Using the initial condition $y(0)=1$: $\ln(1+1) = -\ln(2+\sin 0) + C \implies \ln 2 = -\ln 2 + C \implies C = 2\ln 2 = \ln 4$.
Substituting $C$ back into the equation: $\ln(y+1) = -\ln(2+\sin x) + \ln 4 = \ln\left(\frac{4}{2+\sin x}\right)$.
Taking the exponential of both sides: $y+1 = \frac{4}{2+\sin x} \implies y = \frac{4}{2+\sin x} - 1$.
Now,evaluating at $x = \frac{\pi}{2}$: $y\left(\frac{\pi}{2}\right) = \frac{4}{2+\sin(\pi/2)} - 1 = \frac{4}{2+1} - 1 = \frac{4}{3} - 1 = \frac{1}{3}$.

(C) Given differential equation is $(1+y^2) dx - xy dy = 0$.
Rearranging the terms,we get $(1+y^2) dx = xy dy$.
Separating the variables,we have $\frac{1}{x} dx = \frac{y}{1+y^2} dy$.
Integrating both sides: $\int \frac{1}{x} dx = \int \frac{y}{1+y^2} dy$.
This gives $\log |x| = \frac{1}{2} \log (1+y^2) + C$.
Given $x=1$ and $y=0$,we substitute these values: $\log(1) = \frac{1}{2} \log(1+0^2) + C$,which implies $0 = 0 + C$,so $C=0$.
The equation becomes $\log x = \frac{1}{2} \log (1+y^2)$.
Multiplying by $2$,we get $2 \log x = \log (1+y^2)$,which is $\log(x^2) = \log(1+y^2)$.
Taking the exponential of both sides,$x^2 = 1+y^2$,or $x^2 - y^2 = 1$.
This equation represents a rectangular hyperbola.

(C) Given differential equation is $\log \left(\frac{d y}{d x}\right)=a x+b y$.
Taking exponential on both sides,we get $\frac{d y}{d x}=e^{a x+b y} = e^{a x} \cdot e^{b y}$.
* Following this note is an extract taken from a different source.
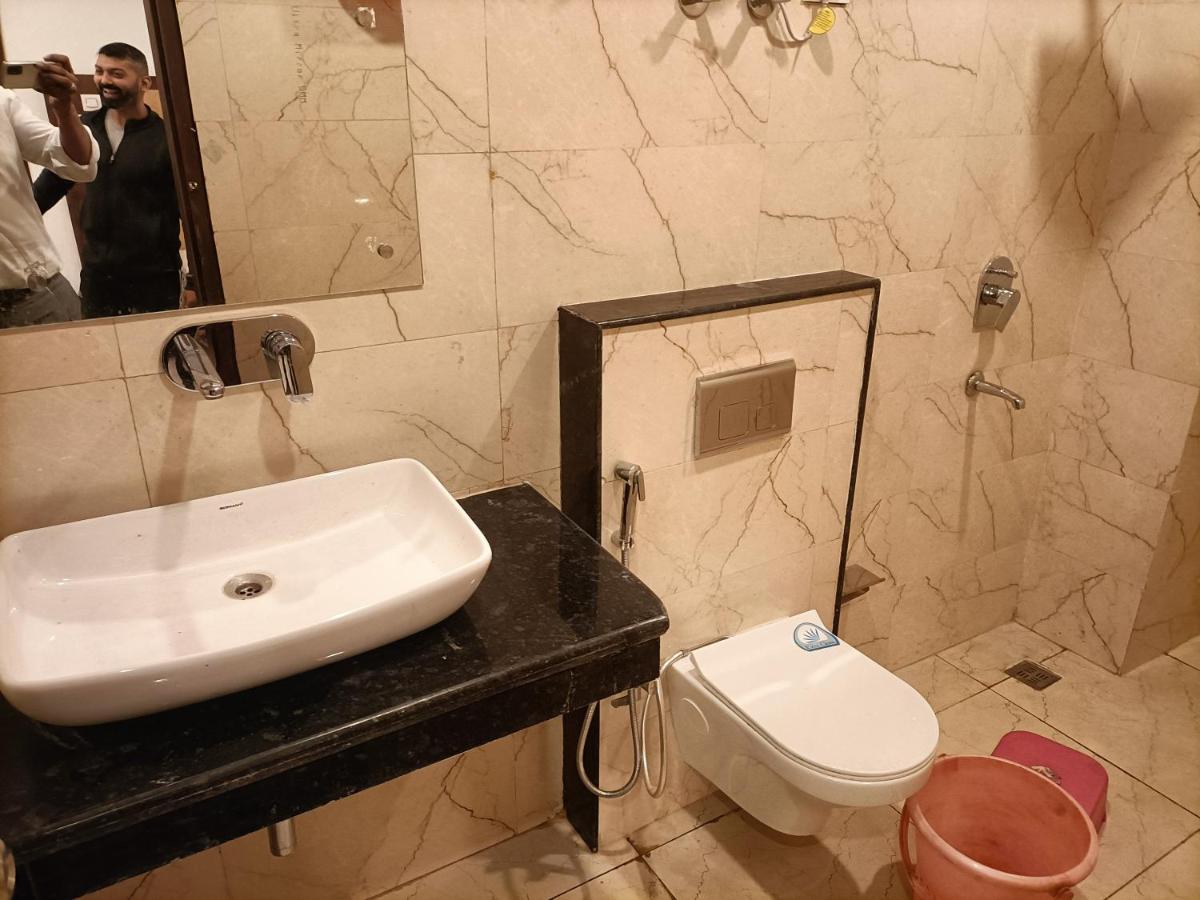 Airport Hotel Breeze Нью-Дели Экстерьер фото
Separating the variables,we have $\frac{d y}{e^{b y}} = e^{a x} d x$,which is $e^{-b y} d y = e^{a x} d x$.
Integrating both sides,we get $\int e^{-b y} d y = \int e^{a x} d x$.
This results in $\frac{e^{-b y}}{-b} = \frac{e^{a x}}{a} + C$.
Rearranging the terms,we get $\frac{e^{a x}}{a} + \frac{e^{-b y}}{b} = -C$.
Multiplying by $ab$,we get $b e^{a x} + a e^{-b y} = -abC$.
Letting $c_1 = -abC$,we obtain $a e^{-b y} + b e^{a x} = c_1$.